The threats and harassment from his ex started right away. I wasn't allowed to be left alone with the kids for any period of time, she had to have my phone number and address, she stalked me on FaceBook, and found whatever information she could about me and my family online (including my grandmothers information) and used it against him in court. For example: She found out I wasn't Christian and told the judge lies about me and my beliefs. All without prof or the ability for me to speak.
His ex is an attorney, specializing in fathers rights, family and criminal law. Yet she is not a father right advocate when it comes to the father of her children. She has tried to serve me at my grandmothers home, called my son's school to try and get information and hacked into my boyfriends email accounts (deleting one completely and emptying the other, both were emptied into her email account).
Now, these email accounts had EVERYTHING. Correspondences between his attorney and him self, personal messages and every text message sent to his phone (he was trying to document all the crazy making). This was then brought up and used against him in court.
But the kicker was when she placed not one but 3 sex ads on an adult website with my full legal name, home address and home phone number. Luckily a friend of mine stumbled across it and contacted me within hours of them being posted.

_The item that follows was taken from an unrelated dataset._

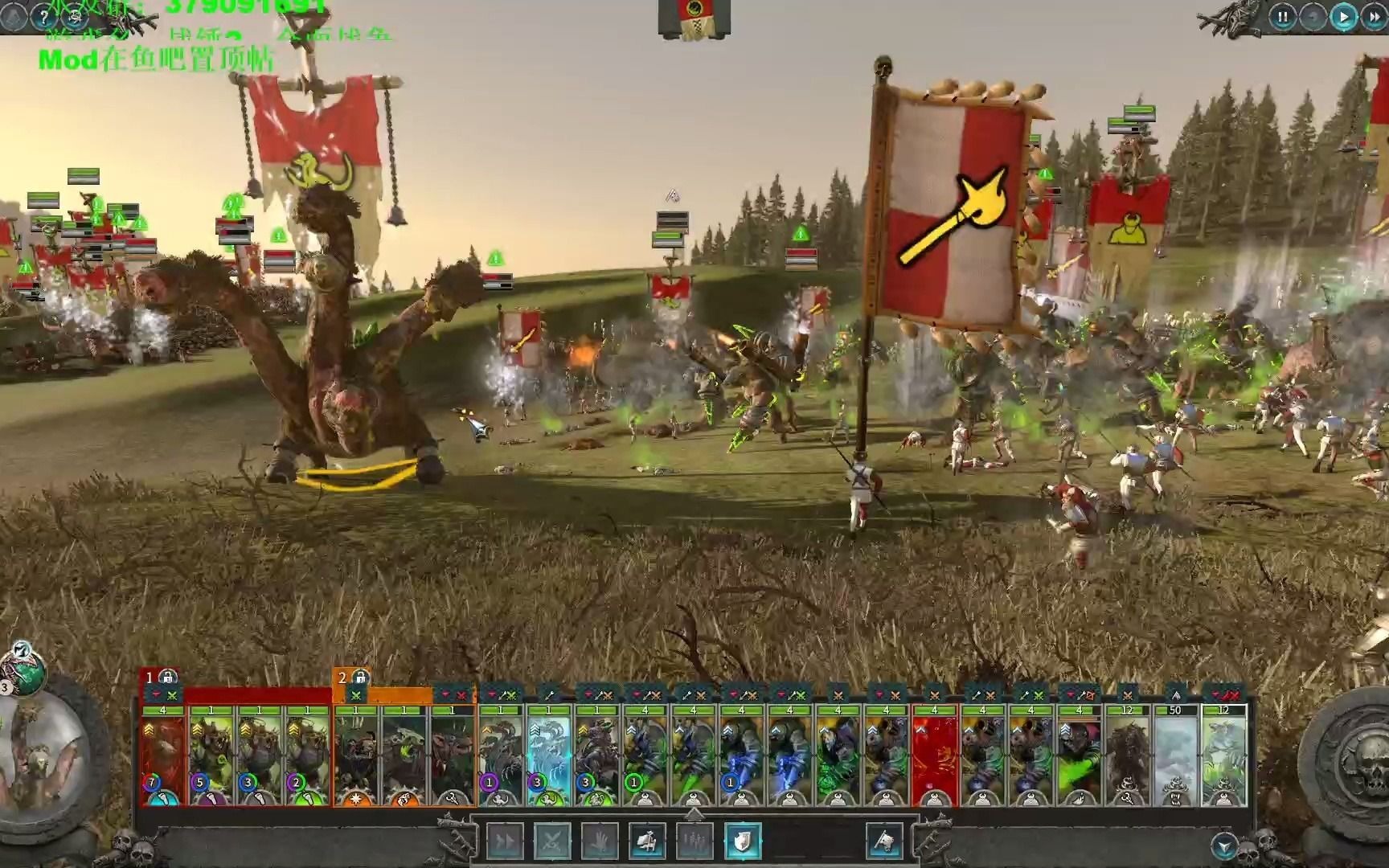 【战锤全战2】sfo腐坏氏族 chaosrobie腐坏动物园战斗实况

Now she is demanding my cell phone number and I absolutely REFUSE to give it to her. Because of my refusal she is withholding parenting time she had originally agreed my boyfriend could have over the holiday break.
I will NOT give out my number and have given alternatives, ex. I will forward my home phone number to my cell phone if I am out with the kids, she is informed of where we'll be and when, my boyfriend and his parents all have cell phones and she has their numbers. This isn't good enough...nothing is good enough.
I don't want to give her my cell phone number but am worried that if she takes this in front of the judge, he'll make me give it to her.
Am I worrying for no reason? Do you think the judge would side with her? She keeps stating that it's important she have it "in case of emergencies", yet we give her plenty of other options.
This is only a small sampling of what I've dealt with over the last 4 years. I keep hoping it will get better but it doesn't. Sometimes it gets better long enough to make me think "maybe she's finally changing" and then more crazy making happens and my boyfriends parenting time is taken away or threatened.